[Dataset entries]
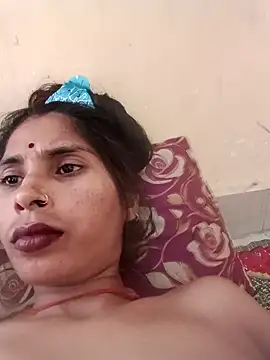 Sushmita-Love143 - Full Nude show पूरी नंगी हो जाओ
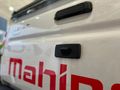 2026 Mahindra Pik Up 2.2 mHawk S11 4x4 Auto Double-Cab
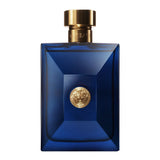 Versace Dylan Blue Pour Homme Eau De Toilette | Italy | Fragrances For Men.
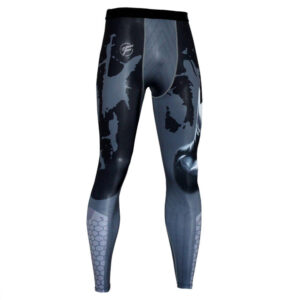Compression Pants
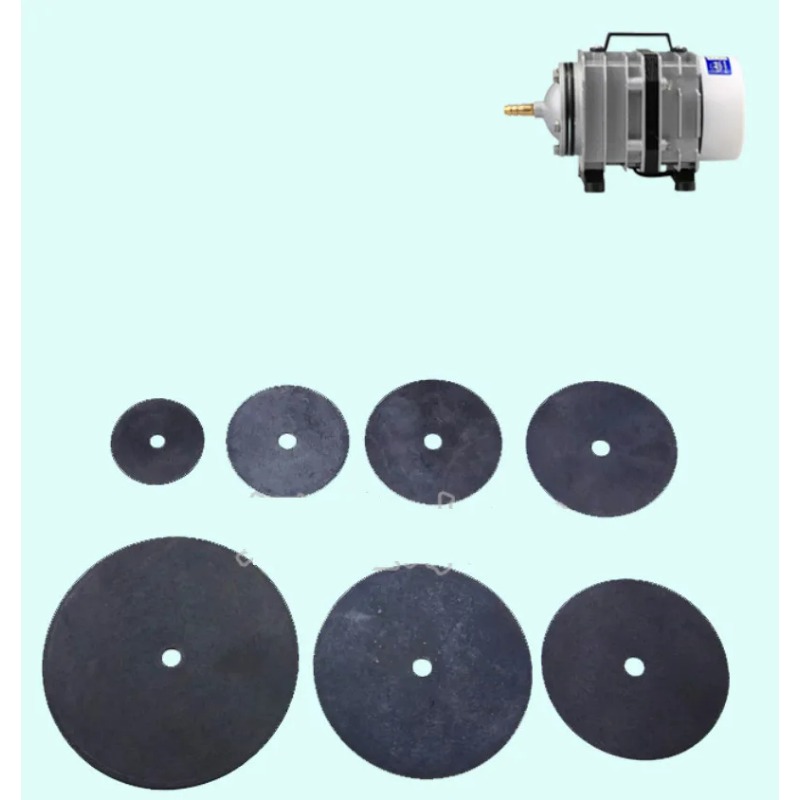 SUNSUN ACO-002 003 004 005 006 - Aquarium Blue Marine Reef 60 评论和价格
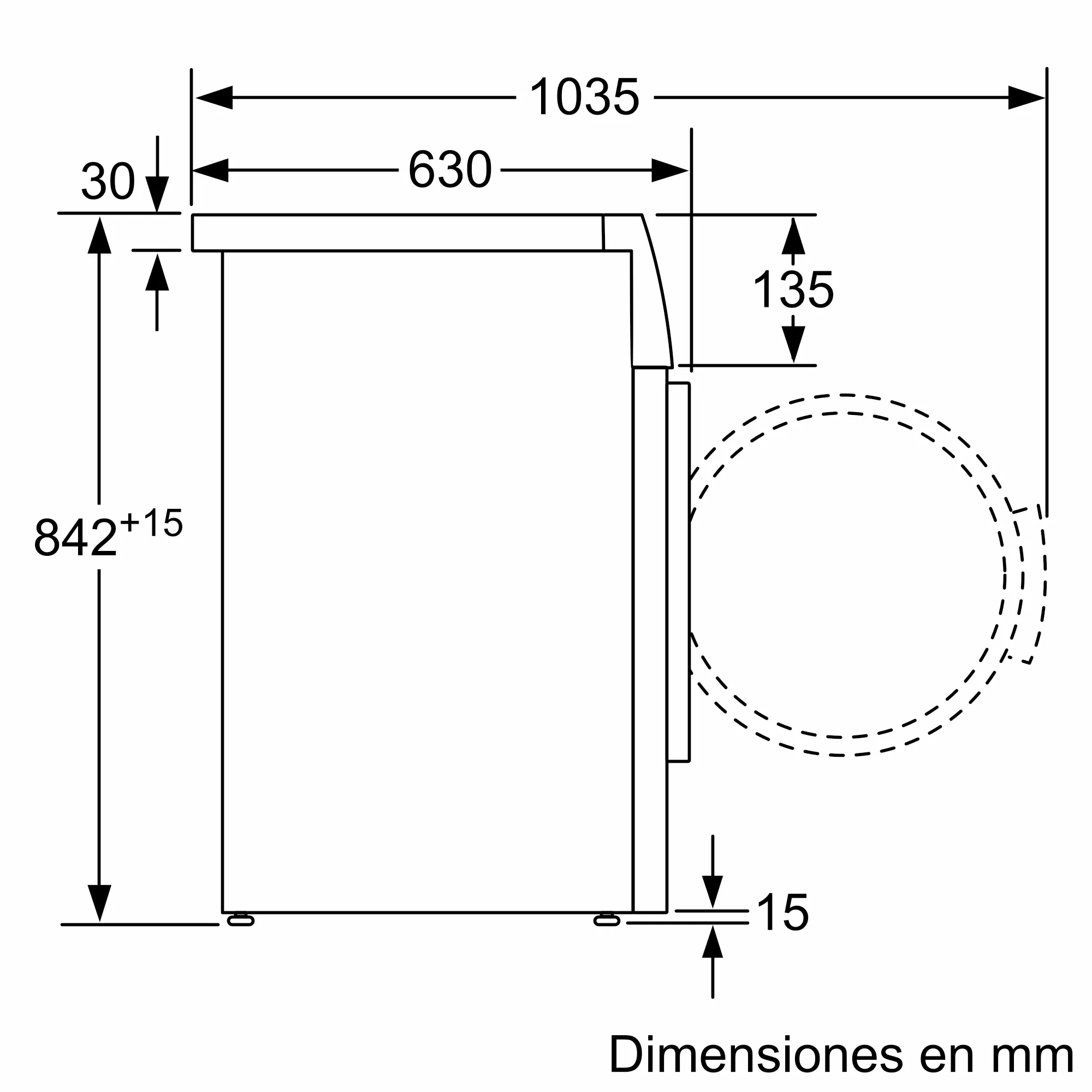 Foto nº 3 del producto 3SC871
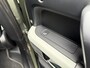 Land Rover Defender 110 2.0 P400e 110 X-Dynamic HSE - Pano Luchtvering Ventilatie 360 Cam Meridian ACC
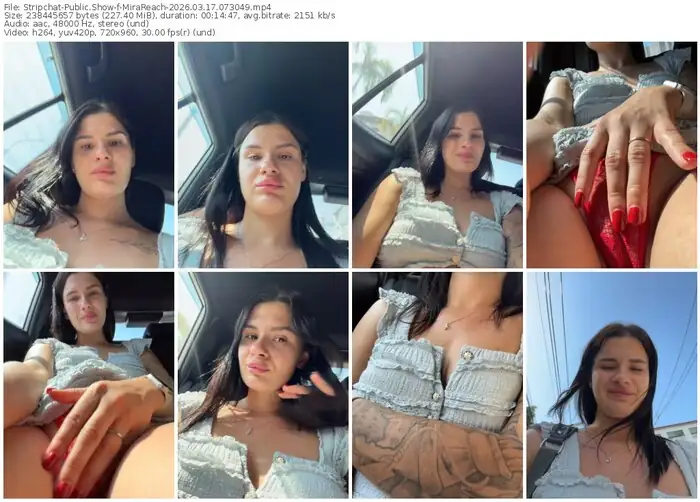 2026/03/17/stripchat-mirareach-07-30-49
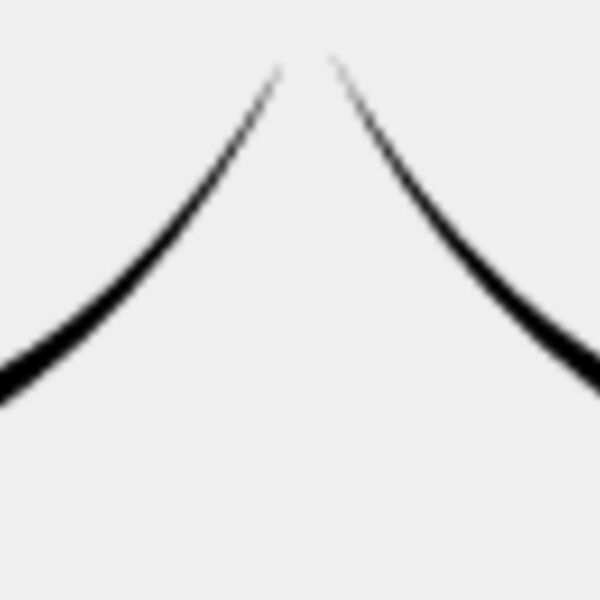 Tribal Divider4 Thumbnail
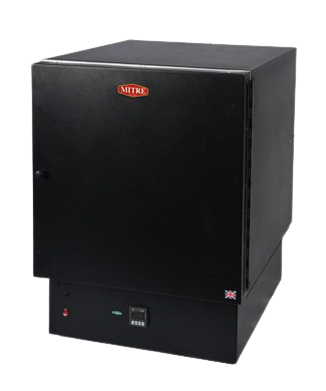Sub-Arc Tractor Welder
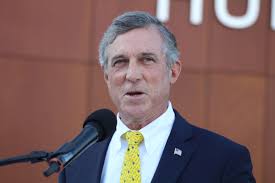 Mayor-elect Carney announces transition committee and website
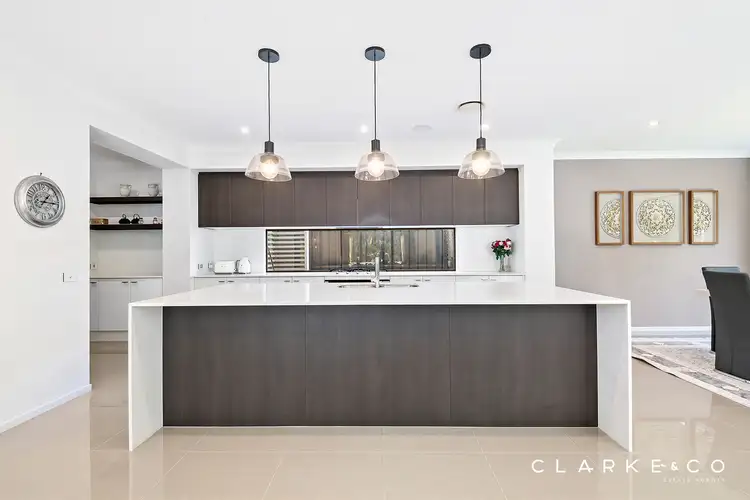 Fourth view of Homely house listing, 16 Darlaston Avenue, Thornton NSW 2322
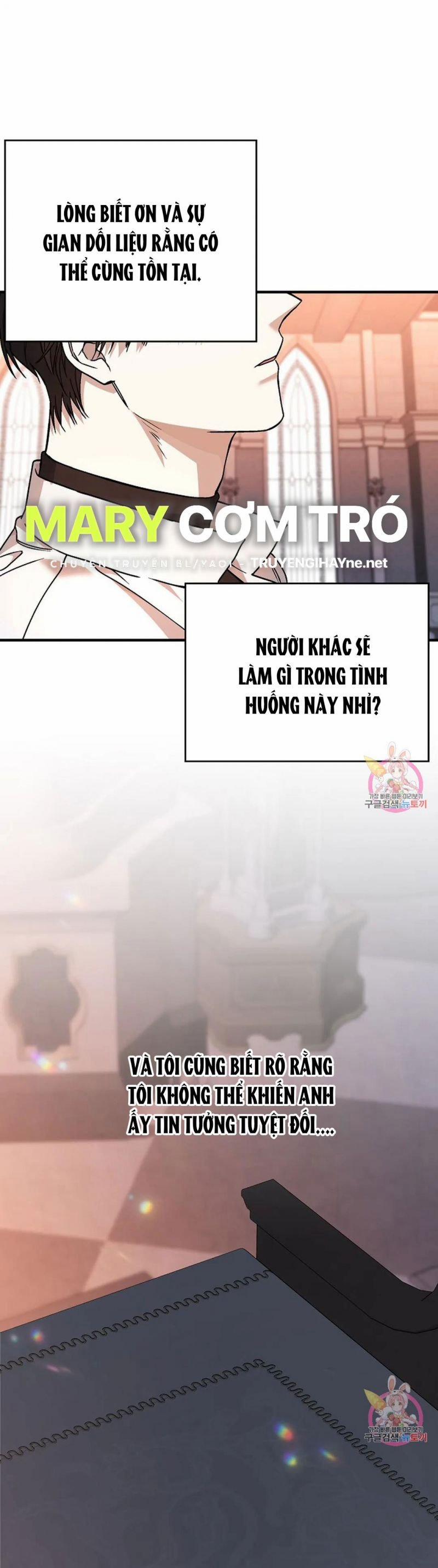 Khế Ước Vĩnh Cửu 50.5 trang 69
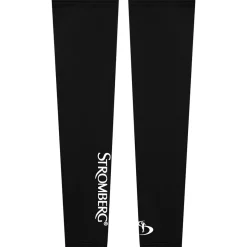 Stromberg Men's Compression Golf Sleeves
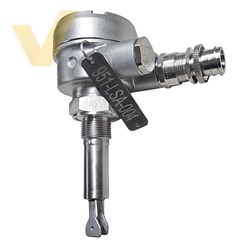 Фото компании ООО ТЭК-Системс 7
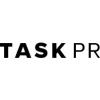 Task P R
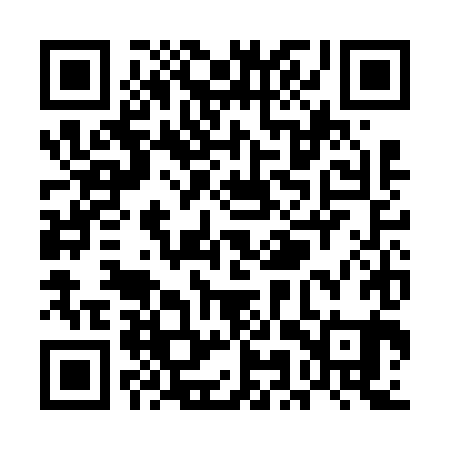 QR code for UMSF81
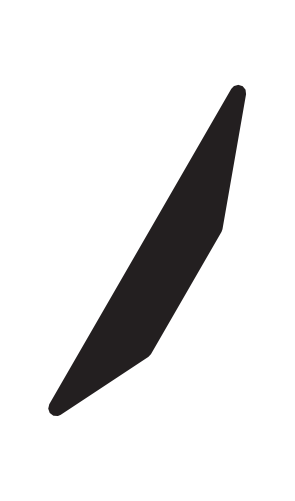 EX Gardiens de Cristal symbol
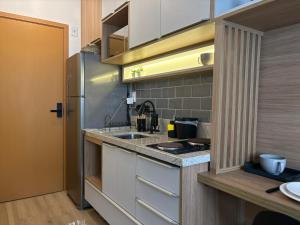 Lindo Studio - Pituba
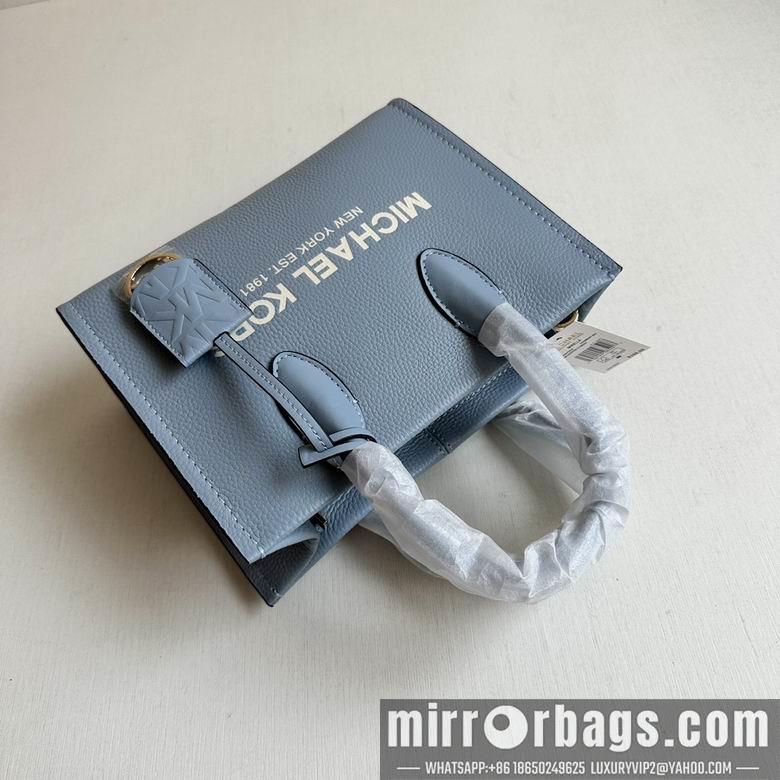 Michael Kors Bags 24X19X9cm 090310 DY 7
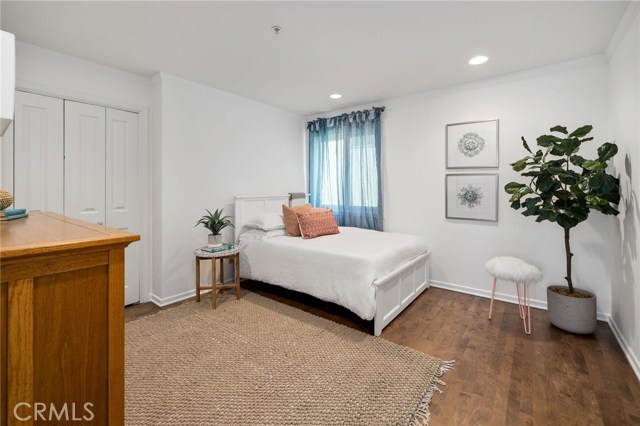 315 24th Street, Manhattan Beach, California 90266, 3 Bedrooms Bedrooms, ,3 BathroomsBathrooms,Residential,Sold,24th,SB20212174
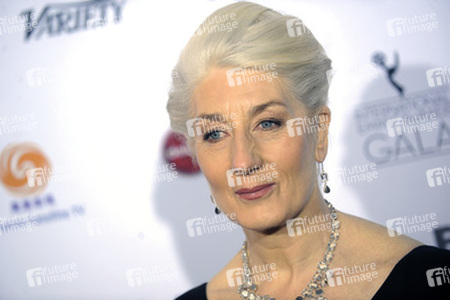 41. International Emmy Awards, New York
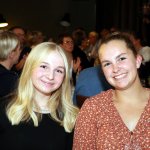 bild_142.jpg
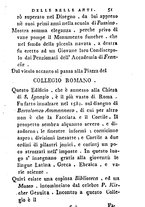 libroantico/RMRE000705/0062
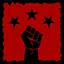 Thoughtcriminal icon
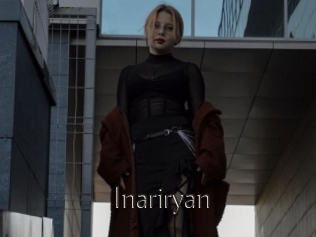 Inariryan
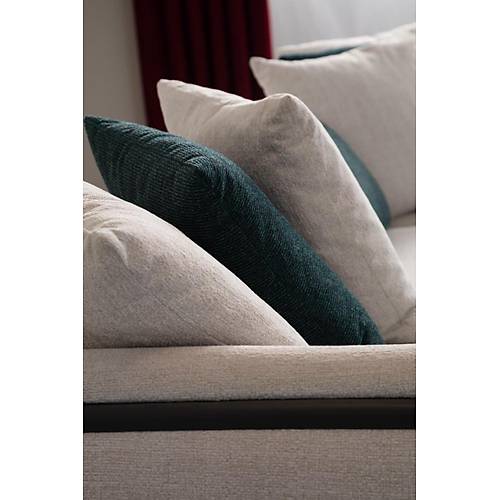 Boss Koltuk Tak�m� -2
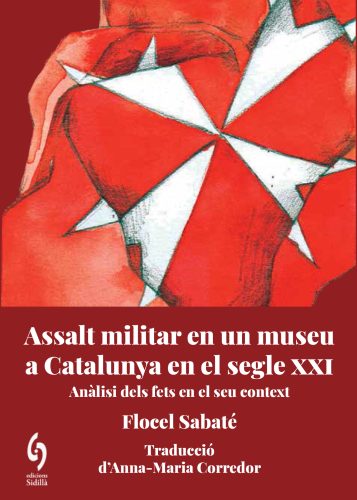 Assalt militar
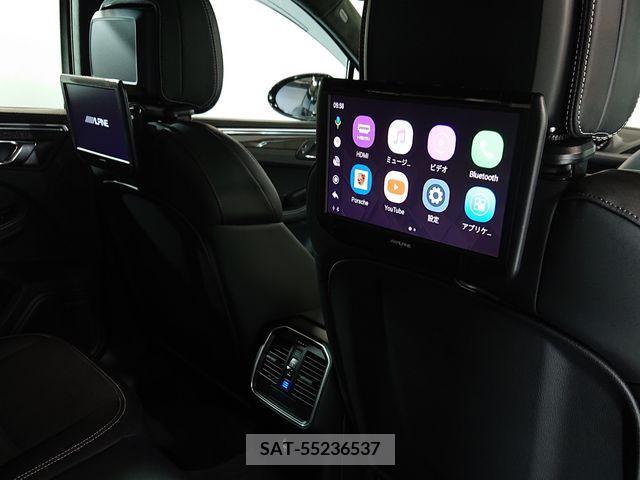 Porsche MACAN 2023-05 366244-13
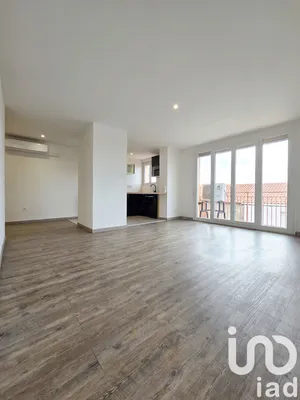 Appartement à Perpignan (66000)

Problem description –
Please give the data above again in exact form and omit every picture.

The answer –
 Sushmita-Love143 - Full Nude show पूरी नंगी हो जाओ
 2026 Mahindra Pik Up 2.2 mHawk S11 4x4 Auto Double-Cab
 Versace Dylan Blue Pour Homme Eau De Toilette | Italy | Fragrances For Men.
Compression Pants
 SUNSUN ACO-002 003 004 005 006 - Aquarium Blue Marine Reef 60 评论和价格
 Foto nº 3 del producto 3SC871
 Land Rover Defender 110 2.0 P400e 110 X-Dynamic HSE - Pano Luchtvering Ventilatie 360 Cam Meridian ACC
 2026/03/17/stripchat-mirareach-07-30-49
 Tribal Divider4 Thumbnail
Sub-Arc Tractor Welder
 Mayor-elect Carney announces transition committee and website
 Fourth view of Homely house listing, 16 Darlaston Avenue, Thornton NSW 2322
 Khế Ước Vĩnh Cửu 50.5 trang 69
 Stromberg Men's Compression Golf Sleeves
 Фото компании ООО ТЭК-Системс 7
 Task P R
 QR code for UMSF81
 EX Gardiens de Cristal symbol
 Lindo Studio - Pituba
 Michael Kors Bags 24X19X9cm 090310 DY 7
 315 24th Street, Manhattan Beach, California 90266, 3 Bedrooms Bedrooms, ,3 BathroomsBathrooms,Residential,Sold,24th,SB20212174
 41. International Emmy Awards, New York
 bild_142.jpg
 libroantico/RMRE000705/0062
 Thoughtcriminal icon
 Inariryan
 Boss Koltuk Tak�m� -2
 Assalt militar
 Porsche MACAN 2023-05 366244-13
 Appartement à Perpignan (66000)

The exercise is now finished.